Eliashberg and his coworkers didn’t have access to movie shooting scripts in electronic form. To develop their script prediction tool, they instead worked with detailed, blow-by-blow movie summaries known as spoilers, written by viewers after they watch a movie. Each spoiler is about 4 to 20 pages long (see http://www.themoviespoiler.com/).
The researchers implemented their approach using spoilers from 281 movies, all released in the period 2001–2004. A randomly selected sample of 200 movies was used to train their system and the resulting model was then applied to the remaining 81 movies.
In the so-called bag-of-words model in natural language processing, a document is represented entirely by the words it contains and how many times each word appears, without regarding the order in which the words appear. Such a representation allowed Eliashberg and his coworkers to pick up the themes, scenes, and emotions in a script.
“For instance, the frequent appearance of words such as ‘guns,’ ‘blood,’ ‘fight,’ ‘car crashes,’ and ‘police’ may indicate that the script contains a crime story with action sequences,” the researchers comment. “When this information is coupled with known box office receipts for the movies already made in the recent past, we would know if the movies of this type tend to sell well or not in theatres.”
But because word order really does matter (there’s a huge difference in the emotional impact on the audience between “the villain kills Superman” and “Superman kills the villain”), the researchers also incorporated domain knowledge from screenwriting experts—ending up with a list of 22 script elements that increase the likelihood of success.
Even that wasn’t enough. Eliashberg and his coworkers also applied statistical learning techniques to uncover complex interactions among the predictors extracted from movie scripts (or spoilers).

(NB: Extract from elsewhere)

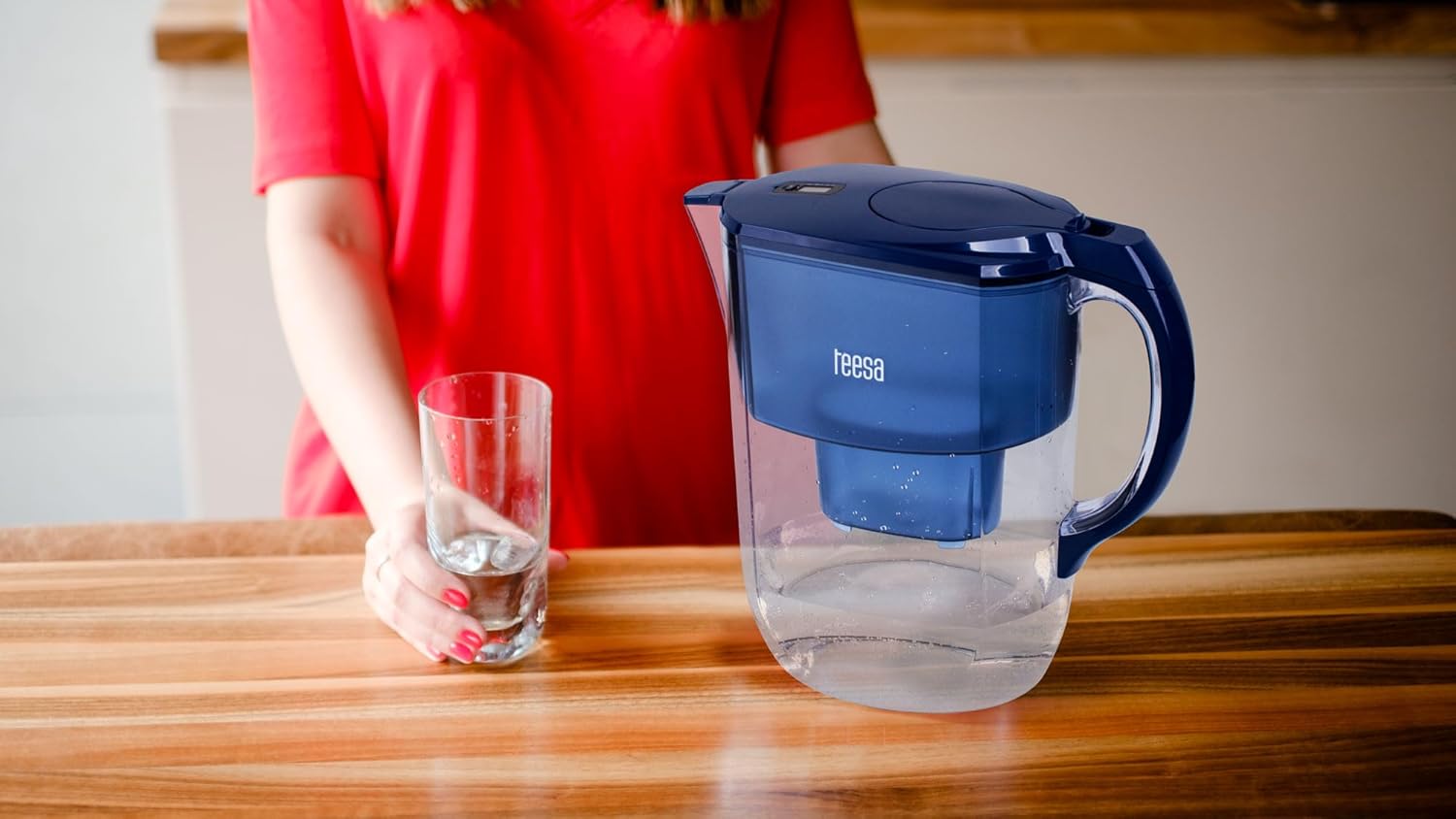 Teesa Water Filter Pitcher in use on a wooden table with a glass of water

To test their model, the researchers used it to choose 30 movies from a set of 81, aiming for a superior investment package. The resulting portfolio had a total budget of $1,044.5 million and generated gross box office revenue of $1,996.8 million, giving the studios net revenue of $1,098.2 million (5.1 percent return on investment). In comparison, randomly selected portfolios of 30 movies had an average net loss of 18.6 percent. And portfolios that replicated a typical studio’s slate returned –24.4 percent.
“Our approach always produces a significant economic gain no matter how many movies are selected for the portfolio,” Eliashberg and his coworkers conclude, “suggesting that our model is able to capture determinants from the textual information in movie scripts and hence significantly improve the studio’s profitability.”

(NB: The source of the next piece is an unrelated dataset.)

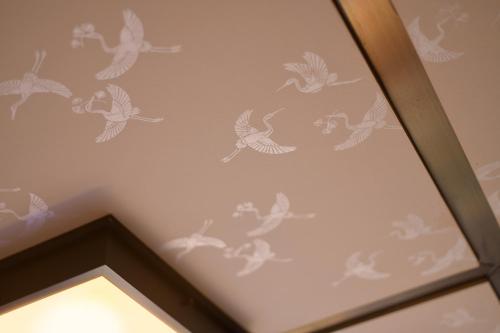 a ceiling with birds stenciled on a wall at Oni no Sumika in Izu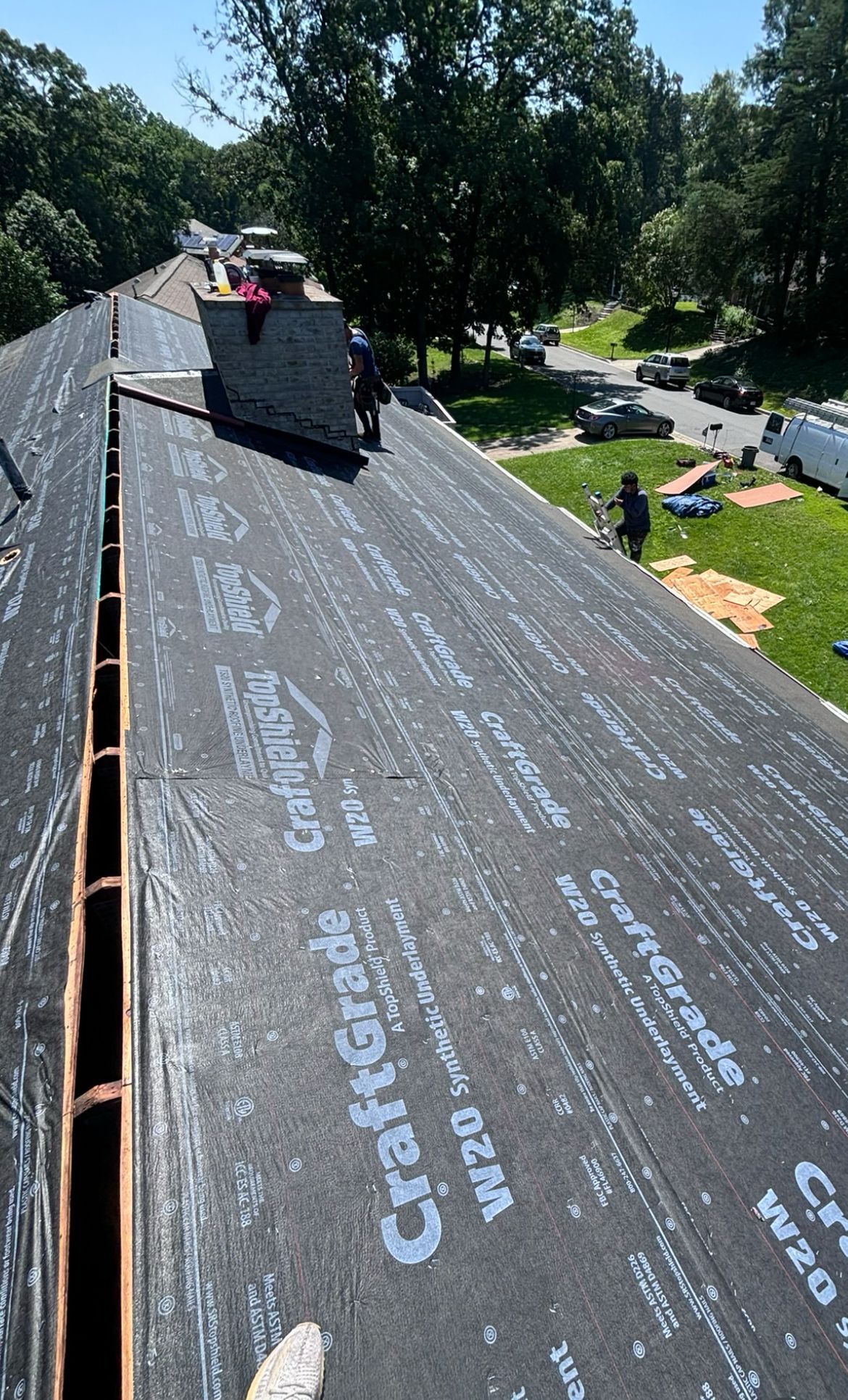 Roofers installing roofing material on a residential roof, with green trees and parked cars in the background.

Would such a model, if employed widely in the movie industry, stifle creativity, leading to formulaic scripts and limiting choice?
“Rather than coming out with a set of rigid rules to follow, our approach will only suggest the structural regularities that a successful script generally possesses,” Eliashberg and his coworkers reply. “We believe that there is room for creativity within the structural regularities.”
Maybe it couldn’t get much worse anyway. With an emphasis lately on sequels and on recycling old TV shows and movies, Hollywood has already gone the formula route.